De acordo com o delegado, as pessoas jurídicas (PJ/Empresas) que preenchem a declaração com base no lucro real também podem destinar 1% desse lucro para o Fundo Municipal da Criança. Em 2022, 1052 empresas fizeram esse modelo de declaração. Cerca de 15 empresas fizeram doações para fundos municipais.

Aproximadamente metade dessas doações foi para o Funcad, resultando em uma arrecadação pouco superior a R$ 1 milhão ou R$ 2,24 milhões se consideradas também as doações para o Fundo do Idoso. O potencial de doação de PJ para esses fundos no município era de R$ 10,5 milhões no ano passado.

Para este ano, são esperadas 205 mil declarações de IR em Sorocaba, sendo aproximadamente 80 mil no modelo completo (o modelo simplificado não permite essa dedução). O prazo para entrega da declaração vai até 31 de maio. O próprio formulário completo do IR na internet tem uma aba sobre destinação do imposto aos fundos da criança e do idoso, entre outros.

“As doações são completamente deduzidas do Imposto de Renda, tanto para quem tem imposto a pagar como para quem tem valores a serem restituídos”, esclarece o delegado Ari Brandão.

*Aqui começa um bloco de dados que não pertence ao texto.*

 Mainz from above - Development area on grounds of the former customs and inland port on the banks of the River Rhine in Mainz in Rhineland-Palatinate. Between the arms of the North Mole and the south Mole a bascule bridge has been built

Ari também informa que a destinação do imposto ao Fundo Municipal permite que o recurso fique na cidade, ao invés de ir para o Tesouro Nacional; e ajuda a patrocinar várias entidades que atendem, no caso do Fumcad, as crianças e adolescentes, especialmente aquelas sob risco social ou situação de vulnerabilidade.

“Agora, se levarmos em consideração a possibilidade de a pessoa física doar 3% para crianças e mais 3% para idosos, o potencial de recursos que ficaria na cidade seria de R$ 44 milhões. Se as empresas locais doassem 1% para crianças e 1% para idosos, seriam mais R$ 10,5 milhões de contribuição”, explica o delegado.

Justiça restaurativa

A promotora de Justiça Cristina Palma, da Vara da Infância e Juventude de Sorocaba, reforça a importância de se fazer a doação do imposto para o Fumcad. “É um valor que se reverte diretamente para a sociedade local. Ao invés de o imposto ir para a União, a doação fica em Sorocaba e é restituída ao doador.”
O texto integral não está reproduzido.